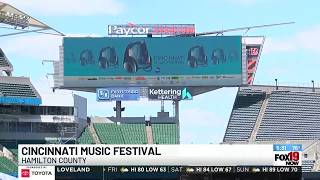 Cincinnati Music Festival organizers reveal new stage, lounge at Paycor Stadium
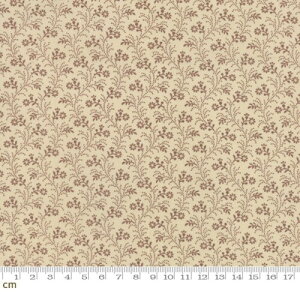 moda French General 13690-18 小花柄 Petite Prints フレンチアンティーク fabric コットン ファブリック ハンドメイド シーチング 布 生地 手芸用 綿 cotton 日本製 カット済み ベージュ (生地巾110cm×50cm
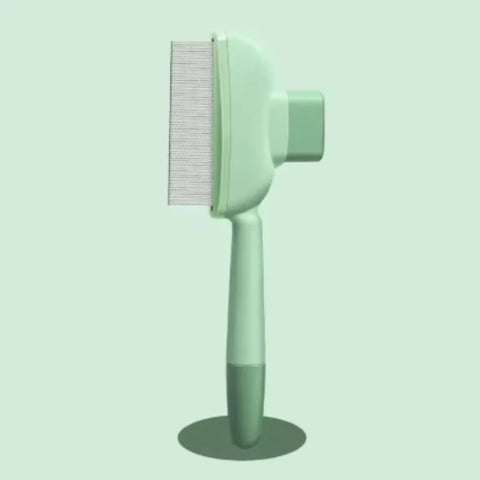 One-Button Self-Cleaning Pet Comb – Hair Remover for Cats & Dogs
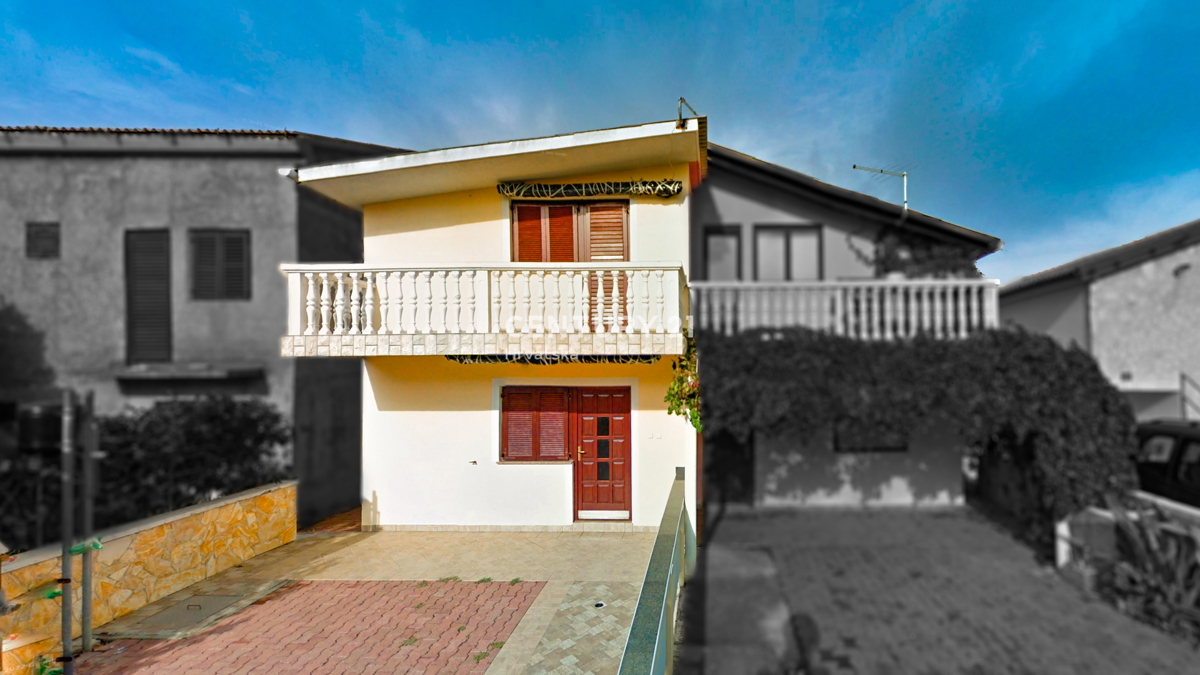 VIR, DOPPIO IMMOBILE CON GIARDINO, 107 M2 (P.T.), DUE APPARTAMENTI, 300 M DALLA SPIAGGIA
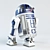 Astro-mech Companion: R2-D2 (Star Wars) 3D model small image 1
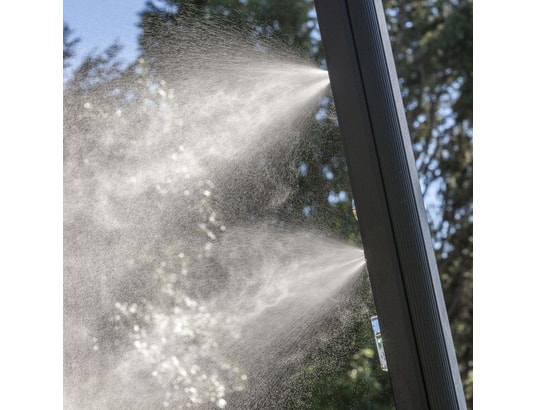 GRE POOLS - Douche de jardin Douche solaire carrée d'extérieur en aluminium premium avec...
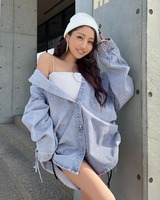 ラインストーンデニムシャツ ライトブルー | ファッション通販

# # # # #

> [Instructions for the task] Every line from the one containing "GRE POOLS - Douche" through the last line of the data, both included, is to be repeated exactly; the pictures are to be left out.

> [Written response]
 GRE POOLS - Douche de jardin Douche solaire carrée d'extérieur en aluminium premium avec...
 ラインストーンデニムシャツ ライトブルー | ファッション通販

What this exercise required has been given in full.